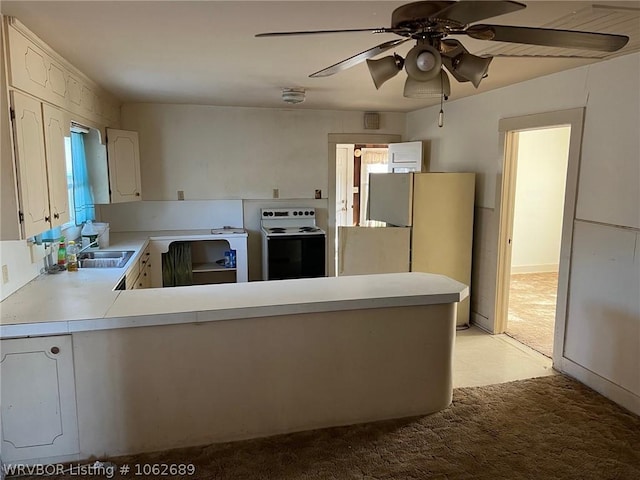 kitchen featuring kitchen peninsula, white appliances, light colored carpet, and white cabinetry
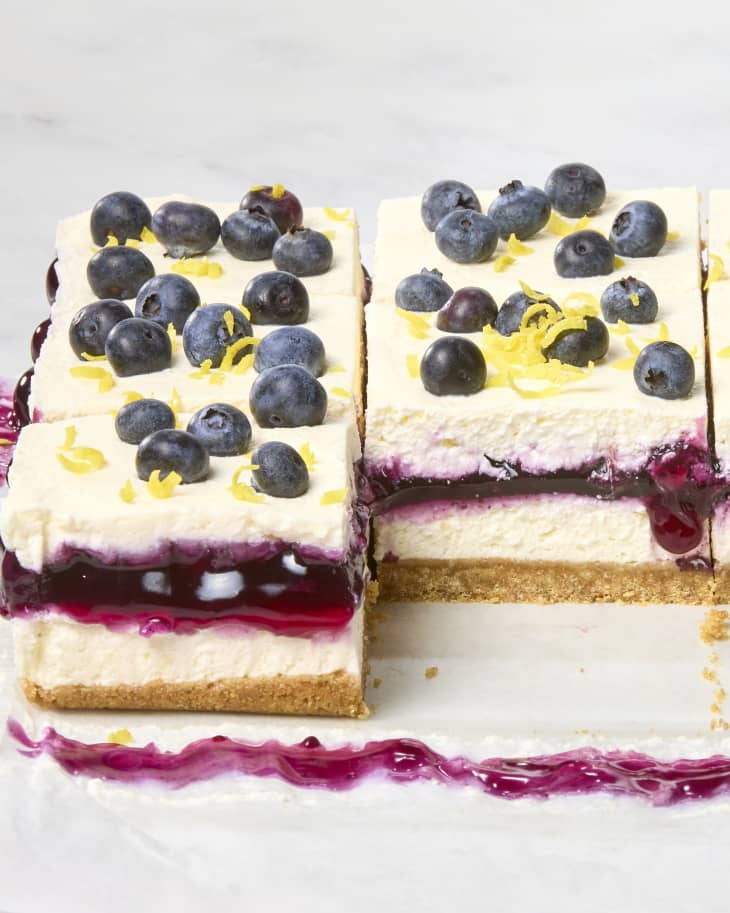 angled shot of lemon blueberry delight pieces, topped with fresh blueberries and lemon, with one missing in the front.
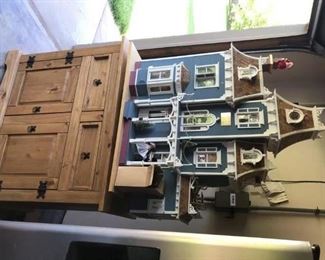 One of a kind Doll house! mounted on pine cabinet and swivel base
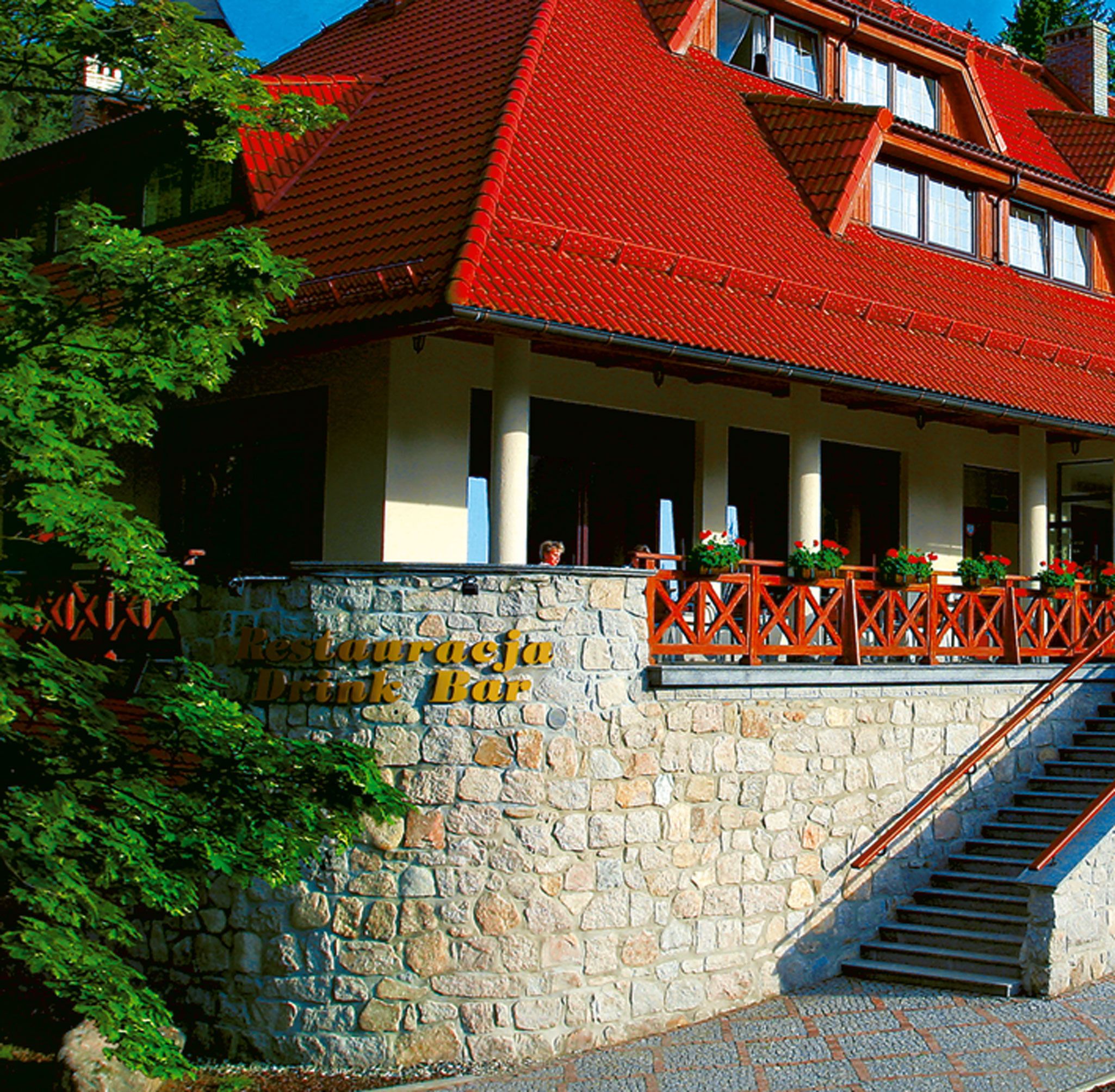 A stone wall with a sign reading "Restaurante ja Drink Bar".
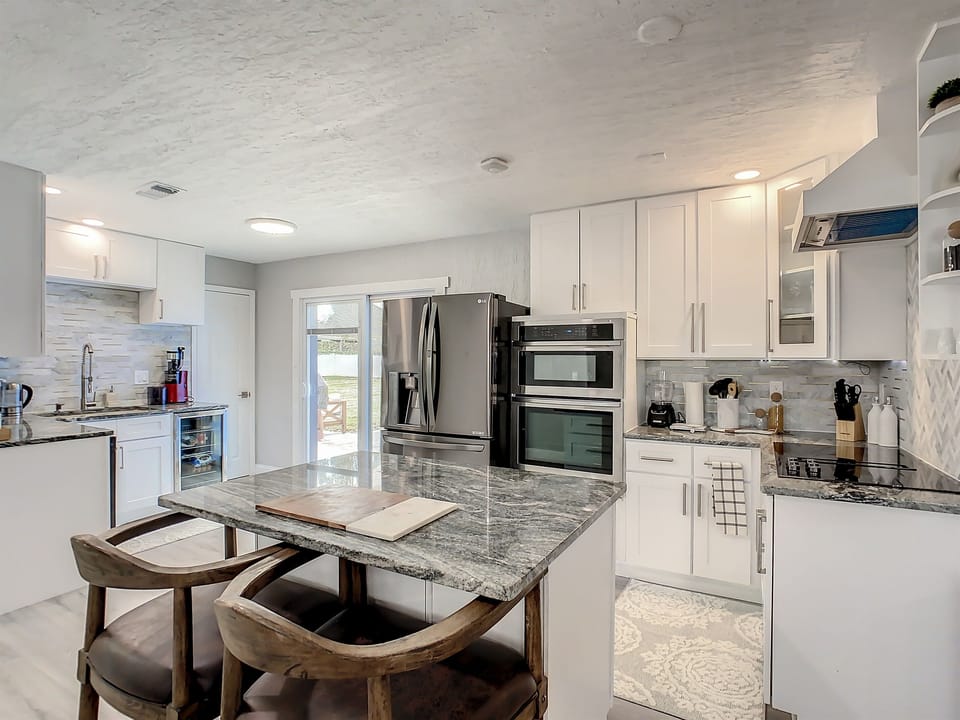 Contemporary kitchen with granite island, stainless steel appliances, and ample cabinet space.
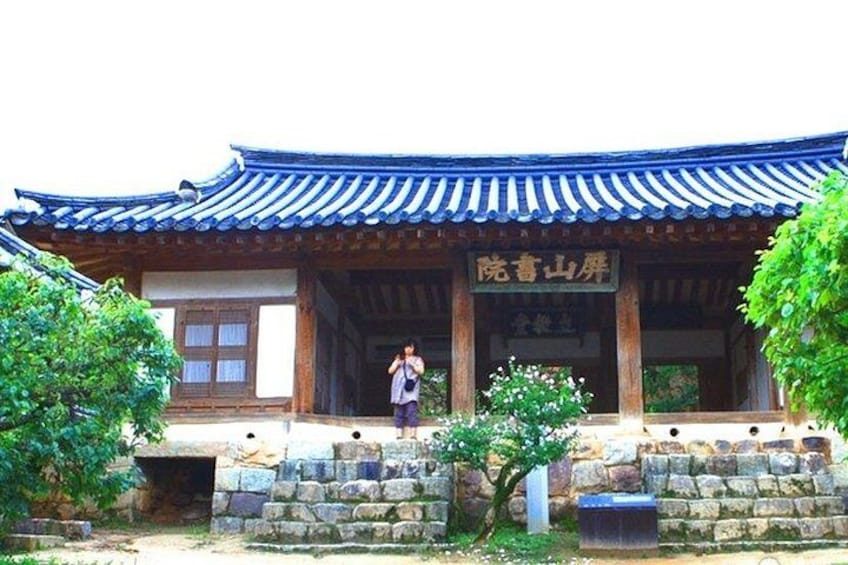 A traditional Korean building with a tiled roof and stone walls. 1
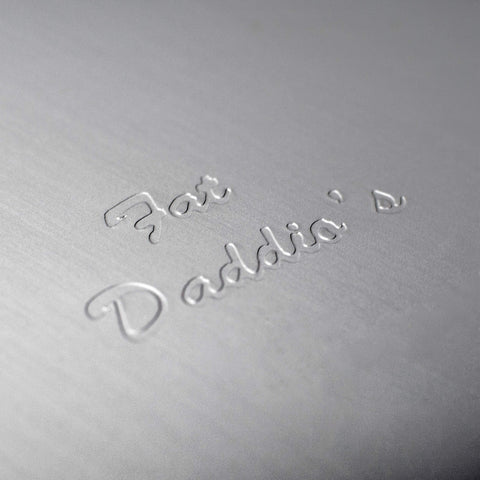 Fat Daddio's anodized round cake pan, hand wash recommended for lasting shine.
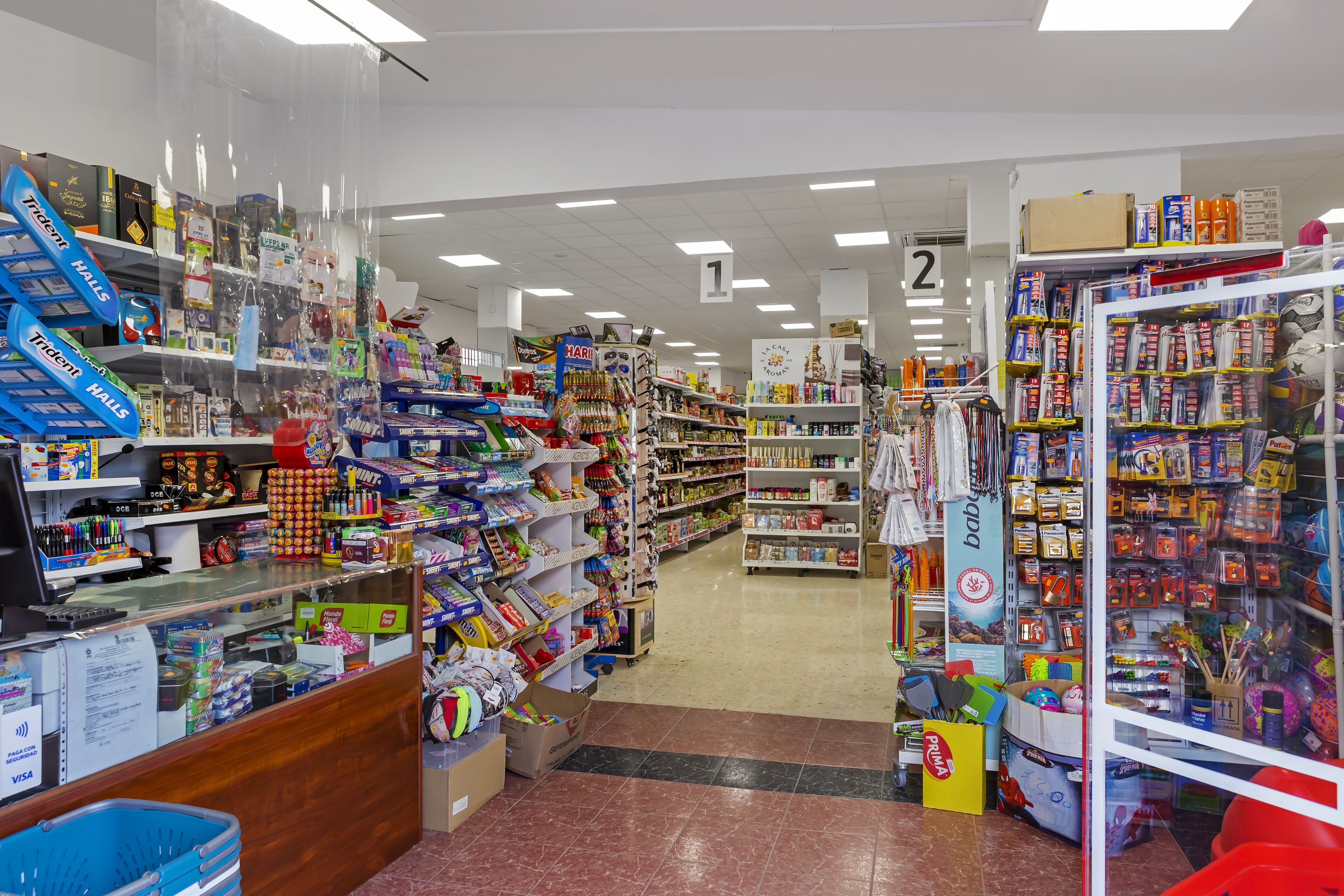 A store with shelves stocked with toys and games, a checkout counter, and a section labeled 'baby'.
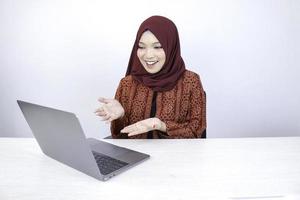 Young Asian Islam woman is smiling pointing hand when working on laptop on white background. photo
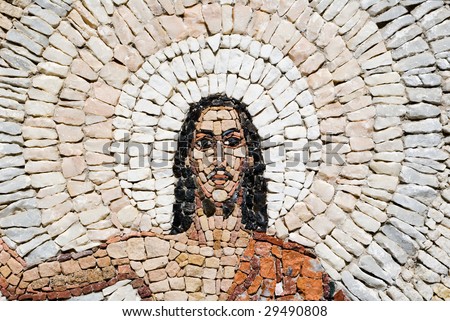 a fragment of a stone mosaic  of Jesus Christ resurrection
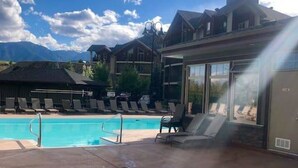 A pool area with lounge chairs and a hot tub, surrounded by buildings with large windows. - Blue Heron Pointe | Lakeview | Pool | Hot Tub |Gym (Invermere)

____________________

* **WHAT THE TASK ASKS**: Nothing but the lines from the one containing "Fat Daddio's anodized" through the end of the listing is to be output, and those lines are to be output exactly, pictures excluded.

* **EXERCISE SOLUTION**:
 Fat Daddio's anodized round cake pan, hand wash recommended for lasting shine.
 A store with shelves stocked with toys and games, a checkout counter, and a section labeled 'baby'.
 Young Asian Islam woman is smiling pointing hand when working on laptop on white background. photo
 a fragment of a stone mosaic  of Jesus Christ resurrection
 A pool area with lounge chairs and a hot tub, surrounded by buildings with large windows. - Blue Heron Pointe | Lakeview | Pool | Hot Tub |Gym (Invermere)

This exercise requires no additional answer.